When he was 11 his parents hoped to send him to John Fisher, a Catholic secondary grammar school at Peak's Hill in nearby Purley. Though he was bright, Bill was neither sporty nor academically gifted, he had little to recommend him. Keen to strike a balance between rich kids and the more disadvantaged, the kind folk at John Fisher gave him a chance to impress them with work he'd done in his own time; pictures he'd drawn, stories he'd written, songs he'd mastered, anything would do. Unfortunately, a consummate dreamer, he hadn't done any of those things, or any other things, for that matter. In desperation, his father sent him in with a colour-by-numbers book he'd completed. It wasn't much but, well, needs must, despite the excruciating embarrassment it caused Bill. And, as it turned out, young Bill was accepted. Never let it be said that the Catholics don't look after their own.
Many pupils react well to the stricter Catholic education process. Not Bill. He didn't fit in here, didn't fit in anywhere, and his sense of alienation was heightened by the stirring music being made in the early Sixties, in particular by Bob Dylan and The Rolling Stones. Railing against the Establishment, they proposed a wilder, more honest, creative and exhilarating way of life that violently appealed to the young boy. Indeed, he'd be hooked for good, not just to alternative music (which he'd follow avidly until he reached his fifties), but also to that alternative lifestyle.

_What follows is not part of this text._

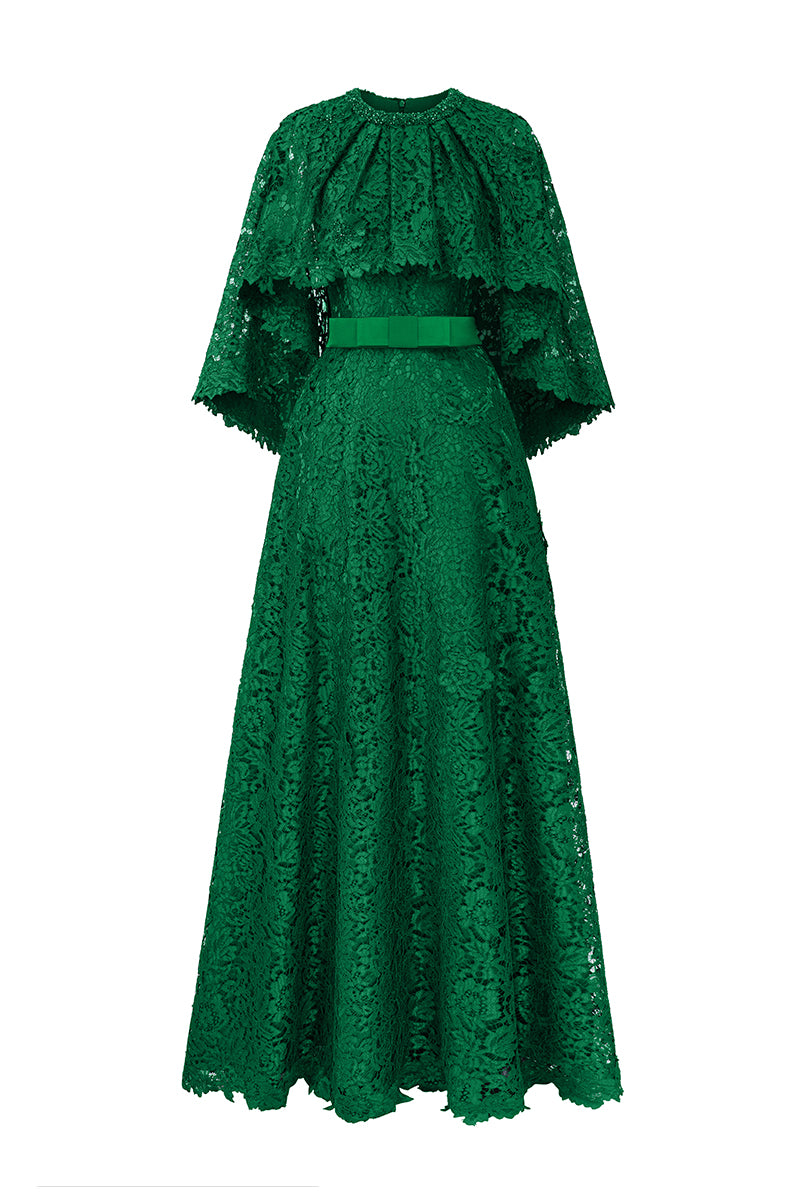 Round Neck Column A-line Gown With Mullet Cape In Dark Green French Lace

To genuinely follow such a lifestyle takes courage, and young Bill had that in spades. Just before his O-Levels, at age 15, he and a friend took off for pastures new. Very new. Aiming to reach the Persian Gulf, in ten days they made it as far as the south of France before lack of cash brought them to a shuddering halt. Bill was forced to throw himself on the mercy of the hated Establishment, his journey home being paid for by the British consulate. It cost '25, enough to make Bill's father very angry, indeed, and Bill would be expected to pay him back. Not so easy when he left John Fisher with just two O-Levels to his name (unsurprisingly, he was successful in English Language and English Lit).
Bill would begin his working life on the Croydon Advertiser. The job wouldn't last. As he required at least five O-Levels to begin training as a journalist, he was doomed to remain on the bottom rung and soon left. Taken by his parents to the dole office, he was asked what jobs, in particular, he was seeking.